Reconstructive memory

Frederick Bartlett’s reconstructive theory of memory proposes that memories are not stored as exact replicas of past experiences, but are instead reconstructed and altered each time they are retrieved. According to Bartlett, memories are influenced by an individual’s current knowledge, beliefs, and motivations, as well as cultural and social factors.

Bartlett observed that people often recall events differently over time and that their recall may be influenced by their own personal biases, emotions, and expectations. He argued that recall is an active process, where the brain selectively retrieves information and then recombines it in a way that is meaningful to the individual.

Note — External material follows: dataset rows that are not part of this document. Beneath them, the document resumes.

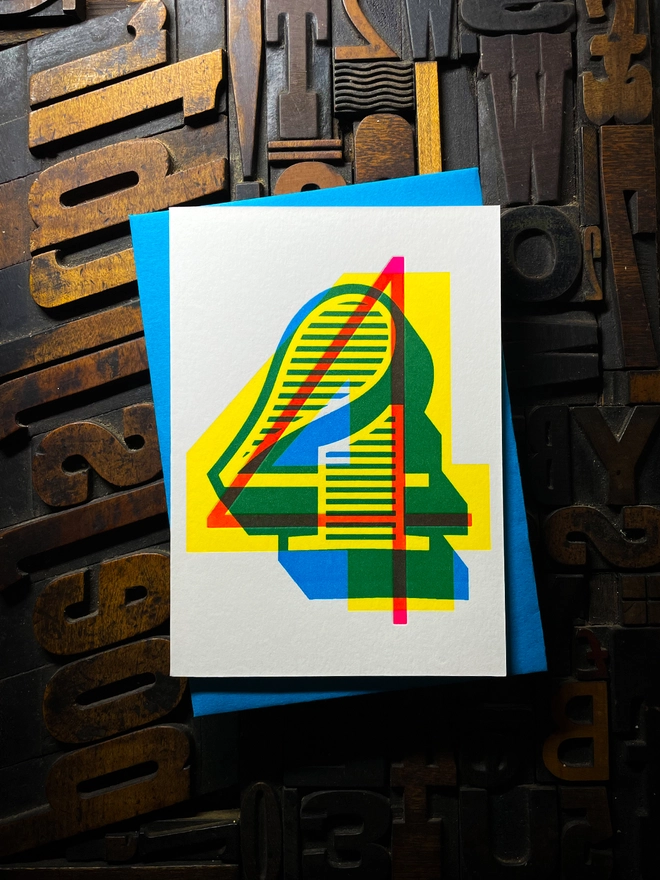 4th birthday anniversary milestone typographic letterpress card with deep impression print. Very colourful and vibrant. They show slight colour variations adding to the style anding to the charm of this handmade greeting card.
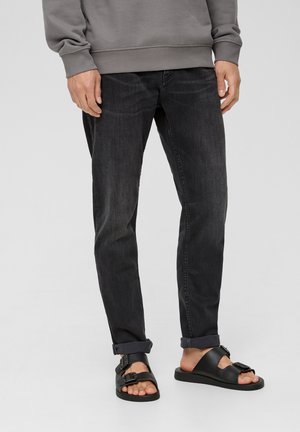 Donkerdenim jeans met een rechte pasvorm, met een subtiele wassing. Gecombineerd met zwarte sandalen, die een gespsdetail en een platte zool benadrukken.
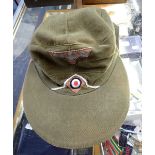 A NAZI STYLE AFRICA CORPS CAP with red lining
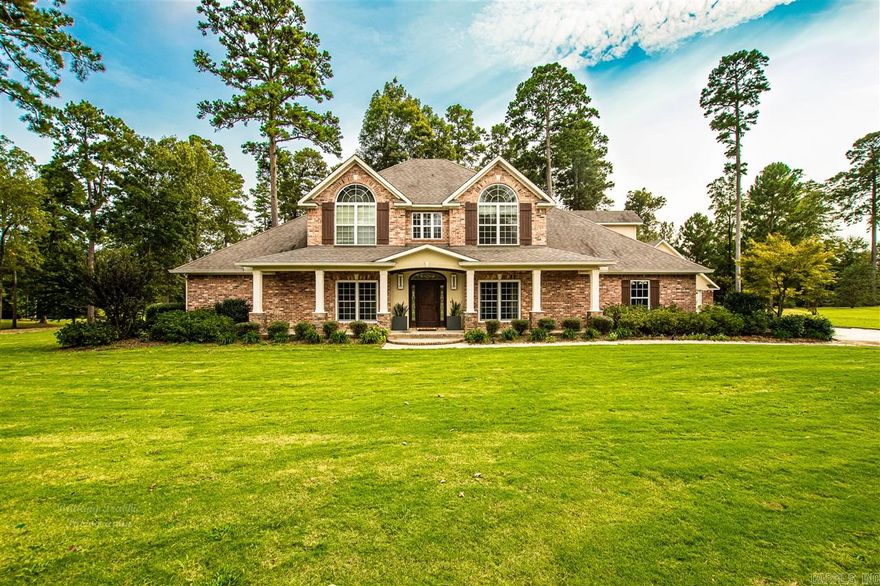 Dreaming of lush tree lines and golf course living? Look no further! This 3,620 square foot home is nestled on a 3/4 acre lot in the highly sought after neighborhood of Mystic Creek. Four large bedrooms and 2.5 half bathrooms give you plenty of room to enjoy alone time or quiet mornings and evenings together. The master bath boasts spa-like amenities with a large walk-in shower and jetted tub. Not to mention his and hers closets - say hello to organization! Don't forget to check out the custom home theatre room with a wet bar, formal dining room and spacious playroom/loft above the 3rd garage - the perfect spaces for family nights in or entertaining in the easy-to-navigate kitchen. After casual dinner or entertaining, you can sweep up the mess easily with the central vaccuum system too! Speaking of entertaining - have your friends over for to enjoy the outdoor kitchen and fire pit that look over the 8th Hole on the Mystic Creek Golf Course - named the Number 1 Best Course You Can Play in Arkansas! Never worry about the lights going out on this fabulous home - a built-in generator gives you peace of mind during the beautiful Arkansas rains. If you're looking for it all, look no furt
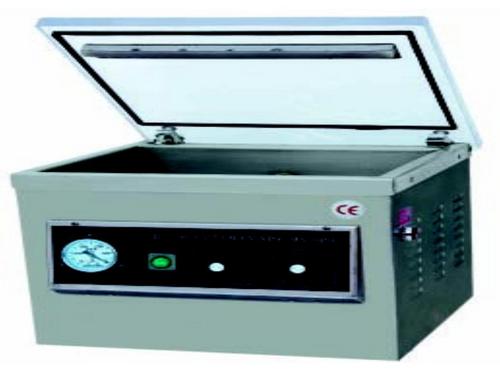 Table type single chamber packaging machine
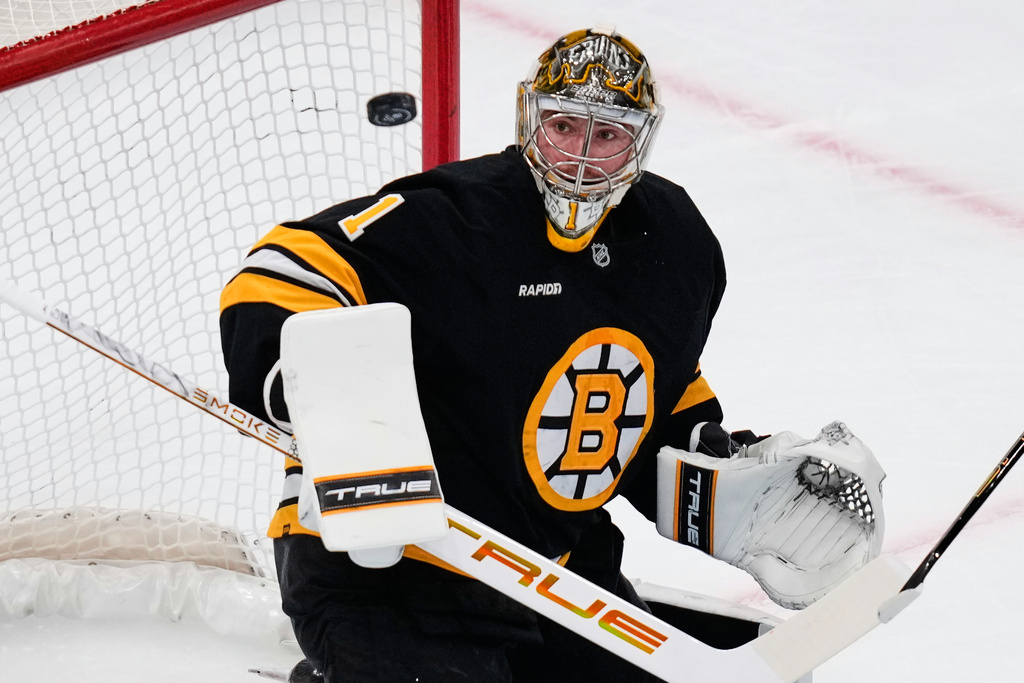 Boston Bruins goaltender Jeremy Swayman (1) eyes the puck after a save against the Los Angeles Kings during the first period of an NHL hockey game, Tuesday, March 10, 2026, in Boston. (AP Photo/Charles Krupa)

Bartlett also introduced the concept of schema, which is a mental framework or a set of beliefs and expectations that individuals use to interpret and organize new information. He argued that schemas influence how information is stored and retrieved from memory, and that they shape the way that memories are reconstructed.

Bartlett’s reconstructive theory is considered a pioneering contribution to the field of cognitive psychology and has had a lasting impact on our understanding of memory and how it works. The theory has been influential in shaping research on the role of context, schemas, and social influences in memory, and it remains an important framework for studying the nature of human memory and its processes.

Schema Theory

Schema theory is a cognitive theory of memory that explains how our prior knowledge and experiences influence how we encode, process, and recall information. The theory posits that people organize their experiences and knowledge into mental structures called “schemas”.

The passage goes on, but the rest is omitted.